Not sure how successful storing any data as blob to then CAST back to original DTYPE might be, but thought since I was inventing functionality here, why not go nuts.

This method of storage would also be fairly dangerous, since table and column names are entirely subject to change, but hopefully this at least outlines the sort of behaviour I'm thinking of.

1

There are 1 answers

1
philipxy On BEST ANSWER

A table in 6NF has one CK (candidate key) (in SQL a PK) and at most one other column. Essentially 6NF allows each pre-6NF table's column's update time/version and value recorded in an anomaly-free way. You decompose a table by dropping a non-prime column while adding a table with it plus an old CK's columns. For temporal/versioning applications you further add a time/version column and the new CK is the old one plus it.

Adding a column of time/whatever interval (in SQL start time and end time columns) instead of time to a CK allows a kind of data compression by recording longest uninterupted stretches of time or other dimension through which a column had the same value. One queries by an original CK plus the time whose value you want. You dont need this for your purposes but the initial process of normalizing to 6NF and the addition of a time/whatever column should be explained in temporal tutorials.
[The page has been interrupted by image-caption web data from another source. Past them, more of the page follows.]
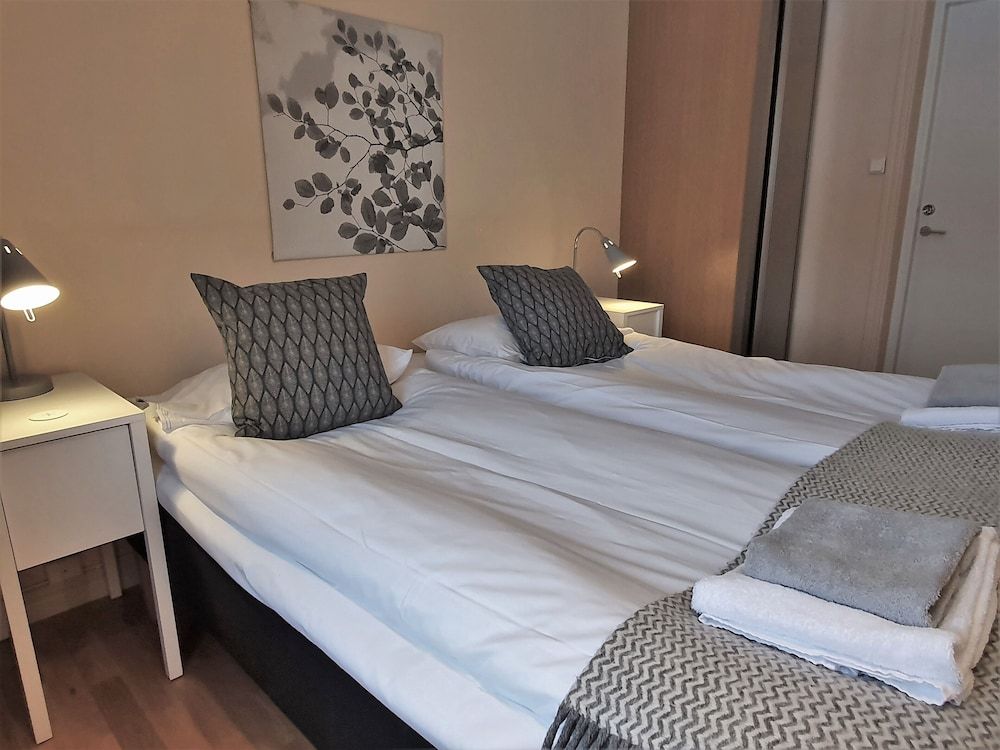 Double or Twin Room, Shared Bathroom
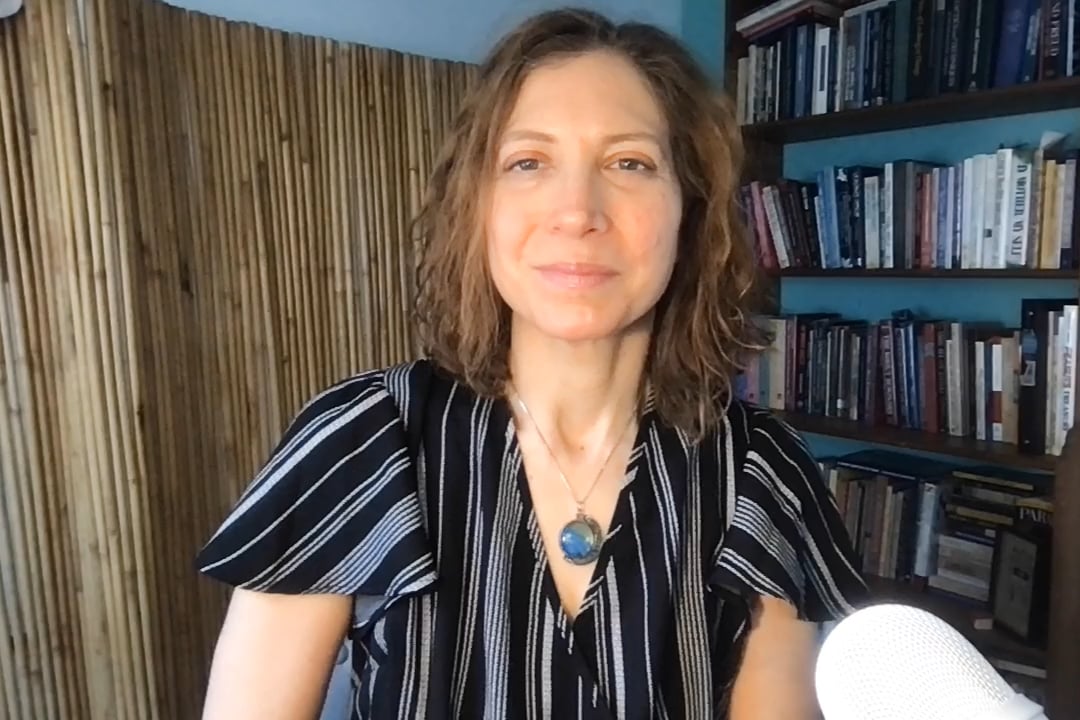 Donna Wolfskehl Distefano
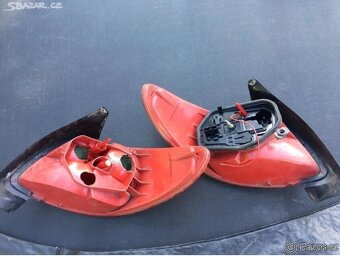 Světlomety Peugeot 206 2000 (předfacelift) - 3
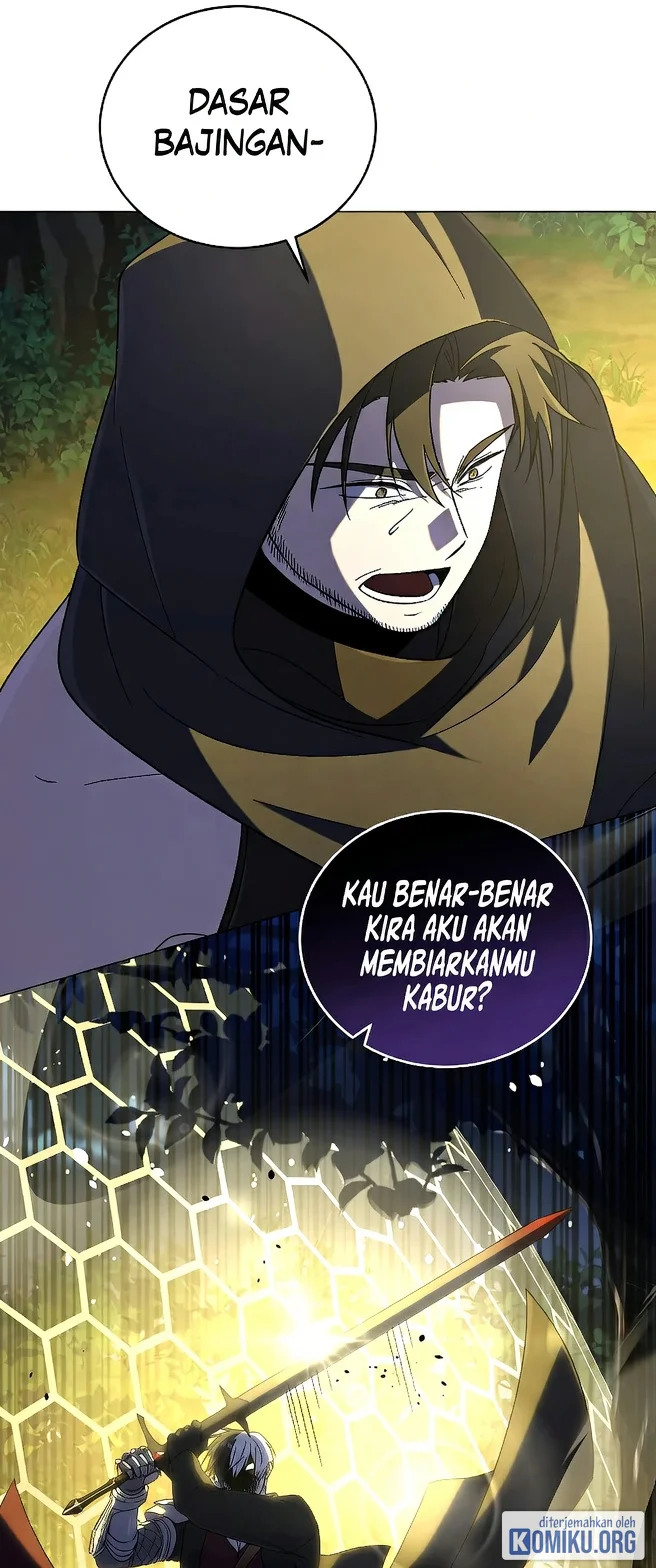 Is It Bad That the Main Character’s a Roleplayer? Chapter 34 Gambar 60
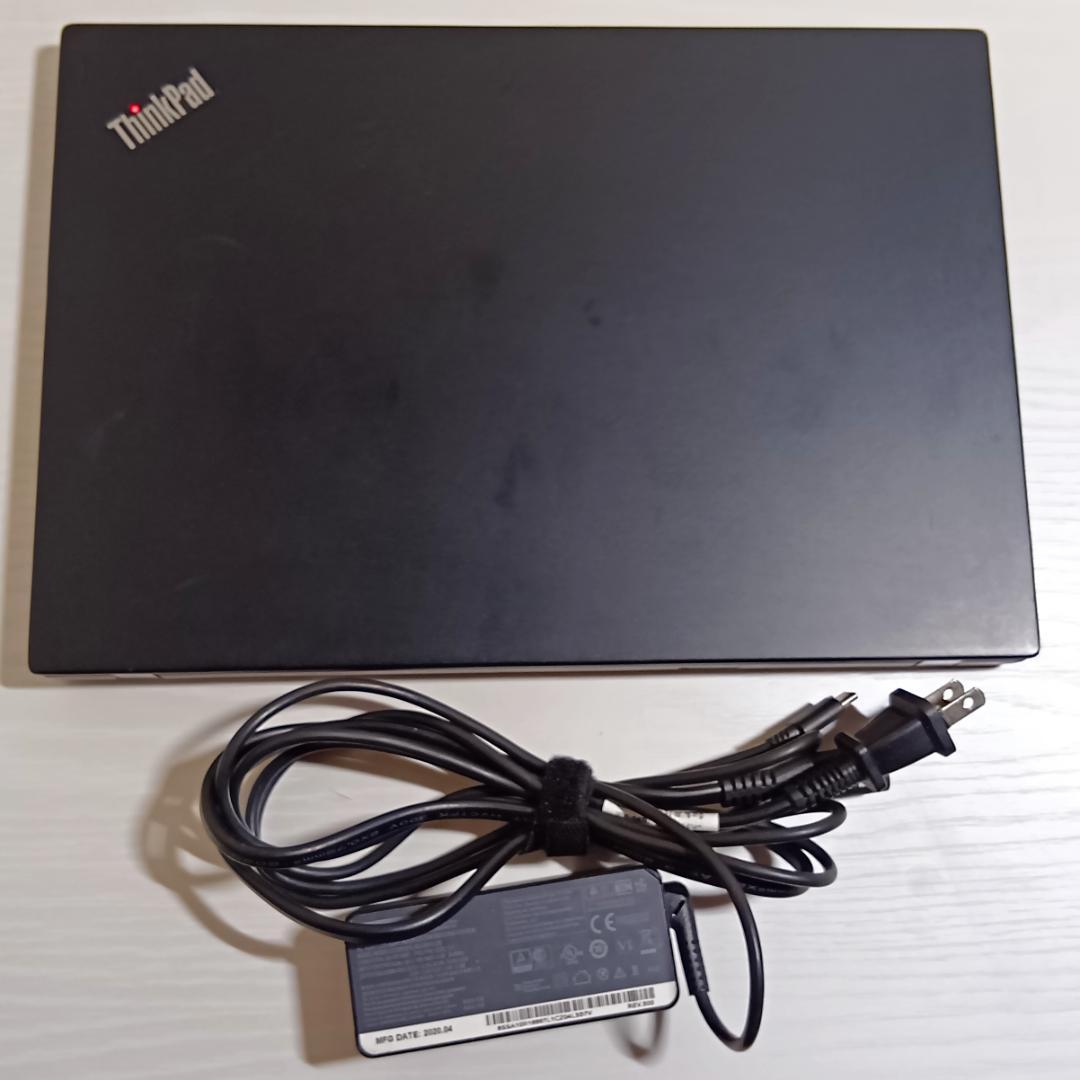 即納/即使用可 ThinkPad/ Ryzen 5 PRO /快速SSD/カメラ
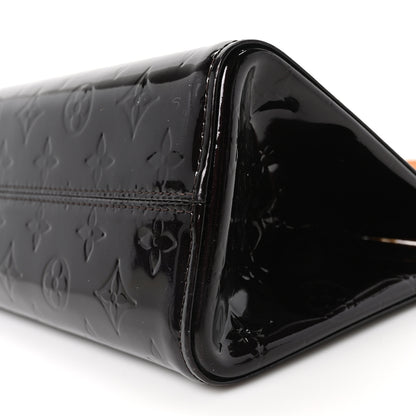 Louis Vuitton Vernis Roxbury Drive Amarante 9 of 9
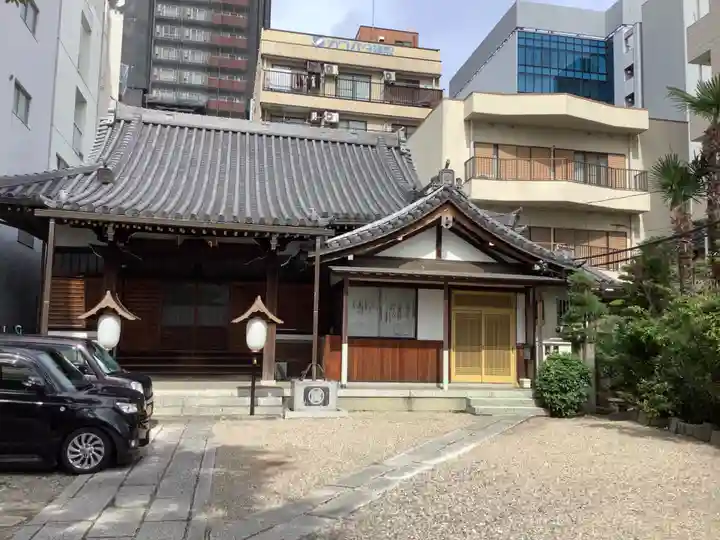 正福寺の本殿・本堂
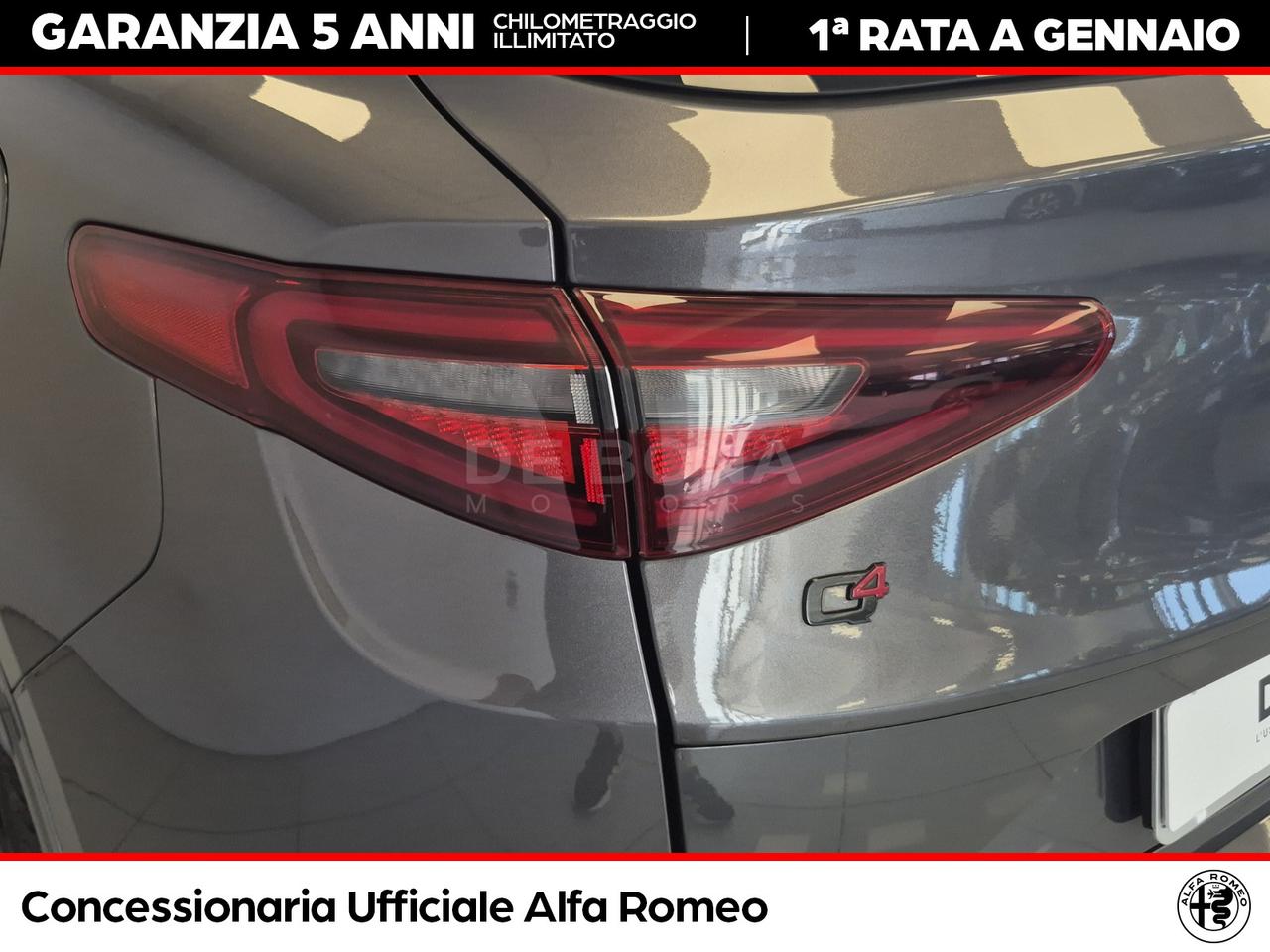 Alfa Romeo Stelvio 2.2 t veloce q4 210cv auto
Read about temporal databases (which deal both with "valid" data that is times and time intervals but also "transaction" times/versions of database updates) and 6NF and its role in them. (Snodgrass/TSQL2 is bad, Date/Darwen/Lorentzos is good and SQL is problematic.)

Your final suggested table is an example of EAV. This is usually an anti-pattern. It encodes a database in to one or more tables that are effectively metadata. But since the DBMS doesn't know that you lose much of its functionality. EAV is not called for if DDL is sufficient to manage tables with columns that you need. Just declare appropriate tables in each database. Which is really one database, since you expect transactions affecting both. From that link:

You are using a DBMS anti-pattern EAV. You are (trying to) build part of a DBMS into your program + database. The DBMS already exists to manage data and metadata. Use it.

Do not have a class/table of metatdata. Just have attributes of movies be fields/columns of Movies.

The notion that one needs to use EAV "so every entity type can be extended with custom fields" is mistaken. Just implement via calls that update metadata tables sometimes instead of just updating regular tables: DDL instead of DML.